そんな退屈極まる入学式が終われば、一年生だけ集められてその場でクラス分けが始まった。
「はいはいー。一年A組はこっちですよー」
「よーし、B組集合ー。ちゃっちゃと来てくれー。あんま手間取らせんなよ」
「C組はこっちです!あ、自分、担任のスレイと申します!一年間よろしくお願いします!」
アルフォンスは『天然』の教師が担任を勤めるA組のグループに入る。自身が何組になるかは事前に配布されたプリントで知らされていたので、他の一年生も特に問題が起きることなく組分けされる。どうやらA組にはアレシアさんやモニカさんもいて、アルフォンスは一人では無かったと内心ホッとしていた。

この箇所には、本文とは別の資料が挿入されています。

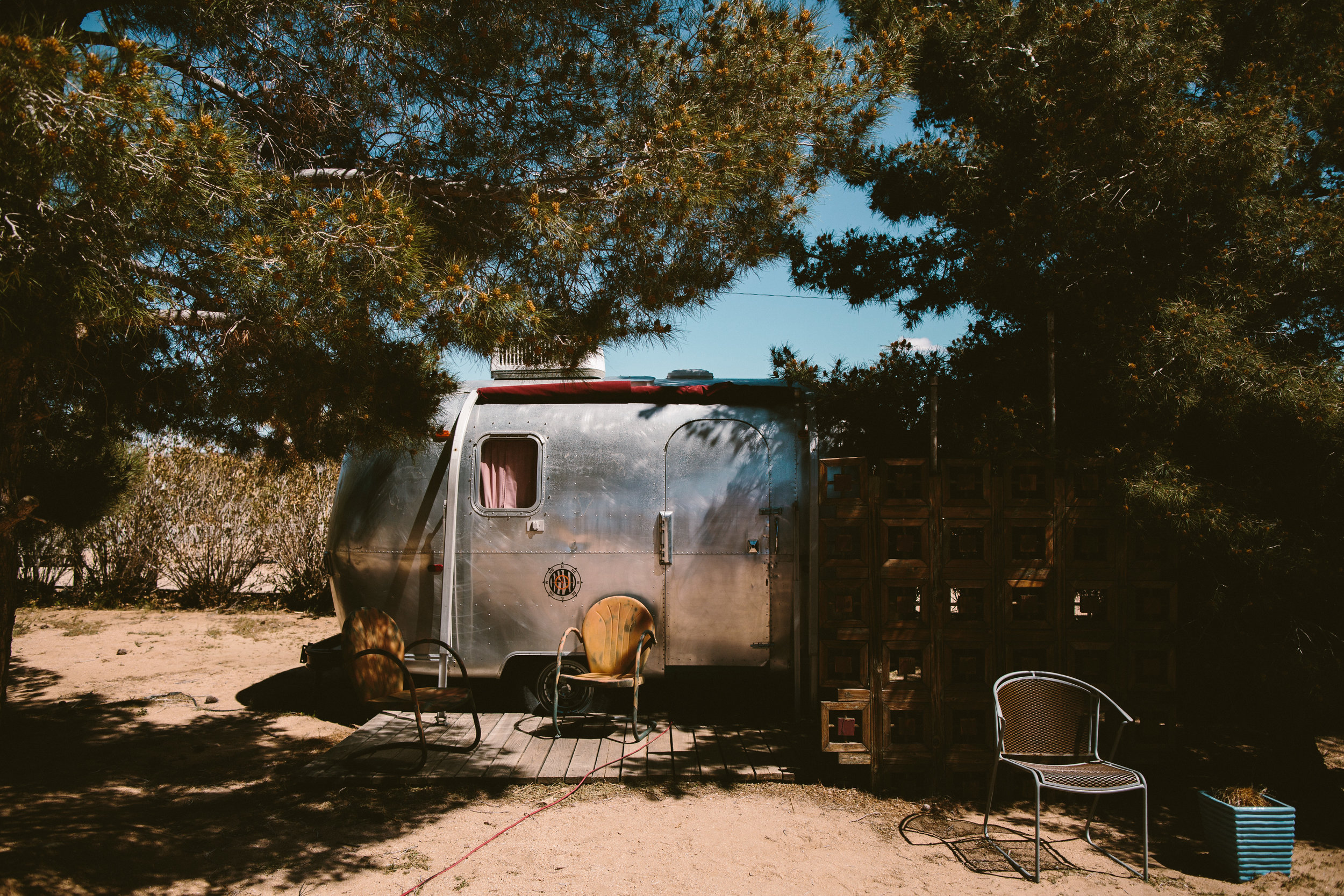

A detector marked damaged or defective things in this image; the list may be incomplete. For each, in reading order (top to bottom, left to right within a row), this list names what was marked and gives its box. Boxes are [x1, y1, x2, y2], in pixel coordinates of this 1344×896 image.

rusted metal chair [341, 607, 484, 768]
rusted metal chair [554, 596, 659, 741]
rusted metal chair [984, 671, 1150, 881]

「アレシアさんもA組なのか。知り合いがいて良かった」
「わ、私もだよ、アルフォンス君。これからクラスメイトとして、よろしくお願いしますね」
「うん、こちらこそよろしく。困った事があれば力になります」
「え?いいよ、そんな……。アルフォンス君の迷惑になるし……」
アレシアが憂いの表情を浮かべる。好きだと想うが故に、アルフォンスに迷惑は掛けたくなかったのだ。
「じゃあ、俺にもし困った事があったら、アレシアさん、俺を助けてくれ。あの小説の女の子みたいにね」
「もう!それなら、はいって言うしかないじゃないですか」
「ごめんごめん。でも、上げてから落とすのは、交渉術の基本でしょ」
「うぅ〜。なんかアルフォンス君に騙された……」
「今度、カフェでなにか奢るから、それで手打ちって事で……」
「わ、私はそれでいいけど。もっ、もしかして、それって、放課後デー……」
放課後デート、と言いかけてやめた。冷静になったからではない。今でも好きっていう気持ちが溢れて、それが熱になってアレシアを
「やっぱり、なんでもないよ。楽しみしてるね」
「ああ。期待しといてくれ」
よく天才と呼ばれる人や、武を極めた者、権力者なんかにも当てはまるが、皆誰でも『魔』を飼ってるらしい。心に巣食う『魔』。そして、アルフォンスの『魔』はこう言った。アレシアは使えるぞ、と。